Is a School Secretary Administration or Instructional Support?

Chariho school board member (and Rhode Island College iconoclast) Bill Felkner has an interesting op-ed in today’s Projo expressing concern that some of the information being produced to meet No-Child-Left-Behind requirements isn’t reliable…

The Rhode Island Department of Education (RIDE) uses the Teacher Certification System to tabulate the types and numbers of employees at every Rhode Island public school. This information is sent to the National Center for Education Statistics (NCES), located within the U.S. Department of Education, and compiled for every public school in the country.
School employees are divided into eight categories: teachers, instructional aides, coordinators, guidance counselors, library/media specialists and supports, district administrators and supports, school administrators and supports, and student support services and other supports.

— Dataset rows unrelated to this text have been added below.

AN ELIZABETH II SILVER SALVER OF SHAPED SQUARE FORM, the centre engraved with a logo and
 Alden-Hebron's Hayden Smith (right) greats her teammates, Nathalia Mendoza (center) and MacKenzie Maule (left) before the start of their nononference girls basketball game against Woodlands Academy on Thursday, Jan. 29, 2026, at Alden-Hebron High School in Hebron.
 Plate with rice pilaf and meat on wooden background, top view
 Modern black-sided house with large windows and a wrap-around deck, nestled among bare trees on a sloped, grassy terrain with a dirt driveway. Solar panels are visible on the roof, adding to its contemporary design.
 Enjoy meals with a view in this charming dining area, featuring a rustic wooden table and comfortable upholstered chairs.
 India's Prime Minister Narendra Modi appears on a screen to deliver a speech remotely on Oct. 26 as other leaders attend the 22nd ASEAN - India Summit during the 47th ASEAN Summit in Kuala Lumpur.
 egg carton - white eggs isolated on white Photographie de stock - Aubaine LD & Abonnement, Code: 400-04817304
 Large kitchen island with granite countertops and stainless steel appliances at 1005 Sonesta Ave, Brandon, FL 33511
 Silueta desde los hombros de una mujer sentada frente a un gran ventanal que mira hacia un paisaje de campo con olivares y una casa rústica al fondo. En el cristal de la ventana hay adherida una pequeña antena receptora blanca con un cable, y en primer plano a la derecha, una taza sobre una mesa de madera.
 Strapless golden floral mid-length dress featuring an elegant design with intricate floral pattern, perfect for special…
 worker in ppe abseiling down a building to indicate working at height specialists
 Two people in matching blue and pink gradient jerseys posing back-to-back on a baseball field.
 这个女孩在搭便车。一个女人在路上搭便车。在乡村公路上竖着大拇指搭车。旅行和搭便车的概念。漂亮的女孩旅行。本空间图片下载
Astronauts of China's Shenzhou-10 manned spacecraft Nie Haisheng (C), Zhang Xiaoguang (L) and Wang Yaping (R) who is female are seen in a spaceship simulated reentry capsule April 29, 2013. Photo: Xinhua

Can you imagine how beneficial this information could be? You could compare your district with the best in the country, and set your goals accordingly. But in a recent school-board meeting I learned that this simple yet powerful comparison is impossible….For example, the NCES reports that the Chariho District has 74 guidance counselors but the administration contends that the number is only 10. But if you move the remaining 64 employees to the support category, the analysis is still useless because some schools include secretaries in their support category (which we categorize as administrators).
The Chariho administration has investigated the Teacher Certification System and found social workers and psychologists listed as administrators, found single employees counted three times and even identified employees on the lists who had “retired, transferred or resigned.”
If we included the dead, I would think we were looking at the voter registration rolls.
On March 27, the Chariho School Board was presented with an e-mail from Edward Giroux, the director of the Office of Network and Information Systems at RIDE, that said, “It’s obvious that the information is incorrect.” According to Chariho Regional School District Superintendent Barry Ricci, RIDE has also said that it has “no faith that the reports for any of the districts are accurate.”